The Arundel Food Festival is only in its second year, but already it has the feel of a much more mature event. Starting today and spanning nine days, Arundel will be filled with imaginative food-related happenings, with a strong focus on reconnecting people with landscape and farming.

Mike Imms is the coordinator of the festival. He says: “When you say the phrase ‘food festival’ people have an idea of a glorified street market, and this unquestionably isn’t that. It’s all sorts of things food-related that allow people to improve their enjoyment of food in Arundel. We’ve asked a lot of restaurants to take part in producing festival dishes with an emphasis on seasonal and local produce, creating dishes which celebrate produce from Arundel rather than anywhere else.”

Alongside the many eating experiences – which include a collaborative “processional” dinner, where diners eat their starter in one restaurant, main in another and dessert in a third – festival goers will have the opportunity to attend farm open days, a food and farming walk led by a South Downs National Park ranger, a Sussex picnic lunch, and take part in a foraging morning, finding wild food in natural settings and making lunch with it after.

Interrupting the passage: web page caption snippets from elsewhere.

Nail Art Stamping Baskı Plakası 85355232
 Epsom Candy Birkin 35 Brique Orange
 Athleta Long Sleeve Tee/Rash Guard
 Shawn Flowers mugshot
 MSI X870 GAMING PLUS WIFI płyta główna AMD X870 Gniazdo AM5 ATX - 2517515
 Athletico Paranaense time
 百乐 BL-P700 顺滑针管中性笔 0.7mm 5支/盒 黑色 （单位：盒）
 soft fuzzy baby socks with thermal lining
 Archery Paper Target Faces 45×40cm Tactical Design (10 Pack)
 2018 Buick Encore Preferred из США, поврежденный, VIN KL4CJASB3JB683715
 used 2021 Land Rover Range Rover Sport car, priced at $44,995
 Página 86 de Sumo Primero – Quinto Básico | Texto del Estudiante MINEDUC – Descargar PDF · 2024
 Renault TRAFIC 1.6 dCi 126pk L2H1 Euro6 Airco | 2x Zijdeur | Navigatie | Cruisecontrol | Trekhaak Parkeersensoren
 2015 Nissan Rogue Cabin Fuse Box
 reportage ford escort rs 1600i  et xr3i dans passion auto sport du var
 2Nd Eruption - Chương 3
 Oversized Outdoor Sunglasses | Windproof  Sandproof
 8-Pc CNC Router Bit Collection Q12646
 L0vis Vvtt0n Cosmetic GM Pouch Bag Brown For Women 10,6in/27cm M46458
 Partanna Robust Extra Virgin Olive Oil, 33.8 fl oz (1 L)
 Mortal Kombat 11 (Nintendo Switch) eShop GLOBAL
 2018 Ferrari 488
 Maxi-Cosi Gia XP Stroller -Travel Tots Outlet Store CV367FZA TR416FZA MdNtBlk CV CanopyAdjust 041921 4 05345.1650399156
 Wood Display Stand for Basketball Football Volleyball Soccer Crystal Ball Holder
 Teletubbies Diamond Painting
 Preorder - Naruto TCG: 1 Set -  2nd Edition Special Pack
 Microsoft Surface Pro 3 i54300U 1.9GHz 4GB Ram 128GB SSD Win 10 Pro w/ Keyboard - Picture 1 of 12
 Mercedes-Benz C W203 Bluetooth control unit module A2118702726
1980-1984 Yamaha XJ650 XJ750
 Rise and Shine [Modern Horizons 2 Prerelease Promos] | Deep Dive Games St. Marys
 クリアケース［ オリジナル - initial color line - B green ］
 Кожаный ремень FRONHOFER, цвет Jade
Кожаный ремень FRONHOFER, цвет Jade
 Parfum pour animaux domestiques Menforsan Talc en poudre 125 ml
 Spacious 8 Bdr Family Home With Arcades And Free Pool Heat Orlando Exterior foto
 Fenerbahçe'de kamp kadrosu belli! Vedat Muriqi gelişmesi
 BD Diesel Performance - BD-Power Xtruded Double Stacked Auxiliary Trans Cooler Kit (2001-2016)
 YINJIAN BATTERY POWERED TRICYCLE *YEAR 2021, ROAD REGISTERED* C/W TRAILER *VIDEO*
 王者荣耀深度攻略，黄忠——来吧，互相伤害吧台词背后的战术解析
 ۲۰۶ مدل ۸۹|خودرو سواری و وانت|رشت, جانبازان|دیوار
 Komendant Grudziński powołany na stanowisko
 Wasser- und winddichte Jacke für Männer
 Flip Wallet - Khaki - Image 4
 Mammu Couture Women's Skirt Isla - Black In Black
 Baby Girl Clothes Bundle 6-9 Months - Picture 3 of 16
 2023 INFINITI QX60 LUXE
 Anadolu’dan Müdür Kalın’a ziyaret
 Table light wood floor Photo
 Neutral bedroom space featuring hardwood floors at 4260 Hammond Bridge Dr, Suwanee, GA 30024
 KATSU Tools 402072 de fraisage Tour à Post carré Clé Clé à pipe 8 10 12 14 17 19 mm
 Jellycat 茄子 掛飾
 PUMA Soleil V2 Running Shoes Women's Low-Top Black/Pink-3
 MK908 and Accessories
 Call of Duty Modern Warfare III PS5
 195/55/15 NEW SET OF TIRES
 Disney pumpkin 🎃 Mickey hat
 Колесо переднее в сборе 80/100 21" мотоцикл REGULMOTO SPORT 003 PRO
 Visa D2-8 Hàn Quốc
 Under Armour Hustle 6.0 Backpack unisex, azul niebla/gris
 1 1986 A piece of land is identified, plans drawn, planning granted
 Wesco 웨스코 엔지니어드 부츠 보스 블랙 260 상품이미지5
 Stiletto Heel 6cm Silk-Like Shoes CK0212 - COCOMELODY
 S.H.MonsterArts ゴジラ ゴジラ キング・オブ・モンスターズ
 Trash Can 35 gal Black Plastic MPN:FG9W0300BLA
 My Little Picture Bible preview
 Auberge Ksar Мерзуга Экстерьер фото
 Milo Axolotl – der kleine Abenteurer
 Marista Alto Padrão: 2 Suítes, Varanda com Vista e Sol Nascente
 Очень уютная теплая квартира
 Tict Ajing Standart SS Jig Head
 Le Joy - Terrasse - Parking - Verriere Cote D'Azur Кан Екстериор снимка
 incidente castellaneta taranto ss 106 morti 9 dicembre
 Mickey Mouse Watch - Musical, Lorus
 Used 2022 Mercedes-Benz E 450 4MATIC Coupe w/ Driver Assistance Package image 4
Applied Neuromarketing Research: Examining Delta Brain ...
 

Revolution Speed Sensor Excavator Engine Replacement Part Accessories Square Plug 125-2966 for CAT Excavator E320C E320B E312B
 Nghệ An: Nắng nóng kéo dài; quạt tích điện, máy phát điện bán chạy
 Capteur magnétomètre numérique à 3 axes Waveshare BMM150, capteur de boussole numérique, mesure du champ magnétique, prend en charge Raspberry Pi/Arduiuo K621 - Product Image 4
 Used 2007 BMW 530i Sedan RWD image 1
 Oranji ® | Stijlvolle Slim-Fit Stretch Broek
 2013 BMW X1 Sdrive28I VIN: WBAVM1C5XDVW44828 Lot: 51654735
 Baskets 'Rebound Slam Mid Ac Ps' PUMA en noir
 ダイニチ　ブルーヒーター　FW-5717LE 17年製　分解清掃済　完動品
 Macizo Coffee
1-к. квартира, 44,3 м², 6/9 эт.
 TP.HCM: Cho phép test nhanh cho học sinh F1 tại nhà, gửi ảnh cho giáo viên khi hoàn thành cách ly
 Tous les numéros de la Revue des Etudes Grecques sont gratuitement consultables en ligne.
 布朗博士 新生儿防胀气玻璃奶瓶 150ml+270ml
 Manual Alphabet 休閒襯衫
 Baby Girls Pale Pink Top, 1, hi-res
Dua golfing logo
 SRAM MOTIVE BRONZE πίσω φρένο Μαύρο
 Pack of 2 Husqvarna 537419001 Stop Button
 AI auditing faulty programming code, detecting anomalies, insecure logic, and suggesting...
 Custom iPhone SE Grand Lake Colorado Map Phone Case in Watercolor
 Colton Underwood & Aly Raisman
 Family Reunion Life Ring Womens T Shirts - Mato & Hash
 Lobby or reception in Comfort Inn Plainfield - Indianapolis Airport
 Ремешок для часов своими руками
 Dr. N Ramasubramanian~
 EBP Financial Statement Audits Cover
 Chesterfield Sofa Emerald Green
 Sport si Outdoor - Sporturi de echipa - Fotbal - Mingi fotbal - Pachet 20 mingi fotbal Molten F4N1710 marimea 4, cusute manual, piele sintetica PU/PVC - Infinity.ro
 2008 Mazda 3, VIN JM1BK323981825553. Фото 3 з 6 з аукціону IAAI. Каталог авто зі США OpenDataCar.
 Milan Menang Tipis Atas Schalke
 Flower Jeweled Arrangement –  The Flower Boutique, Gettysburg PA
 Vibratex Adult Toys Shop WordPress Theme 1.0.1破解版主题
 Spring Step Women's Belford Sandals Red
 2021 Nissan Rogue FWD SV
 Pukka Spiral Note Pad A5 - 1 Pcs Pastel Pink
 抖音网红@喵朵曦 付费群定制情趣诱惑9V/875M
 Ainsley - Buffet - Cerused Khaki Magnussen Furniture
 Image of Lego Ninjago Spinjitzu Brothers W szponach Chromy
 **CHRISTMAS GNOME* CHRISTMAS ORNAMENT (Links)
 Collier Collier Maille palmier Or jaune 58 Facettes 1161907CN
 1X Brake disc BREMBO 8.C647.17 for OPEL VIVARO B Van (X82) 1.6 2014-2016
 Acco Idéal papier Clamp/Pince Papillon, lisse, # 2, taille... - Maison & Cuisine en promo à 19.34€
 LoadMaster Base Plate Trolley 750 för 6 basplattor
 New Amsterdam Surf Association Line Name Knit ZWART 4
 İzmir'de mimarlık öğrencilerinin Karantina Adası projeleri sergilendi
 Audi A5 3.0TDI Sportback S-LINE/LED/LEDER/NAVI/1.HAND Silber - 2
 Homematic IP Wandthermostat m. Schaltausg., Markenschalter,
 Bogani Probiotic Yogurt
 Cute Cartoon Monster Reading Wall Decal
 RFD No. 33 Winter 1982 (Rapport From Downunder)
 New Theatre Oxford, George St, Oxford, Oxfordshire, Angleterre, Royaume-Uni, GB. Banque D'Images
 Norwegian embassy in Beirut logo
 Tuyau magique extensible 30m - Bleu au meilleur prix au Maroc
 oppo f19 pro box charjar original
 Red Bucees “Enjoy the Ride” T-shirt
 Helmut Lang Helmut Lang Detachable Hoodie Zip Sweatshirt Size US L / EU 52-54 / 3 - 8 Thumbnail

Arundel’s green society, Agenda 21, is also heavily involved with promoting food sustainability throughout the programme, starting with the launch of an orchard mapping project on the first day and continuing the theme with apple juicing using a press from Arundel Castle. Together with Better Tomorrows, the CIC behind the Love Food, Hate Waste campaign, they are also running stalls showing people how to be imaginative with left-overs.

Mike says: “A key ethos of the food festival is celebrating food, farming and producers in the Arundel area. It’s very consistent with Agenda 21’s issues. In the past two years they have been focusing on food as something they can really do something about.

If you think about a lot of the environment-related issues they really aren’t in our influence, but the food we eat, avoiding waste, avoiding food miles, is something everybody can do.”

But perhaps the most important aspect of the food festival is the way it opens dialogue across the whole community. Organisers have sought out food-based connections and asked everyone in the town to get involved, regardless of industry or background, with the aim of bringing them together – including those who would normally be competitors.

Mike says: “It’s about collaborating across the town for the benefit of everyone, and once you start finding connections through food, the results really are extraordinary. You just have to get people to think a little.

“If you say to art galleries ‘What have you got with food?’ they can find a lot of food-related pictures. One man carves walking sticks and remembered he made some with fruit on the handles. Last year Cancer Research put on a big display of cookery books.

“If you start to think in that way and have those conversations with people and various community groups, then you can start to involve everybody.”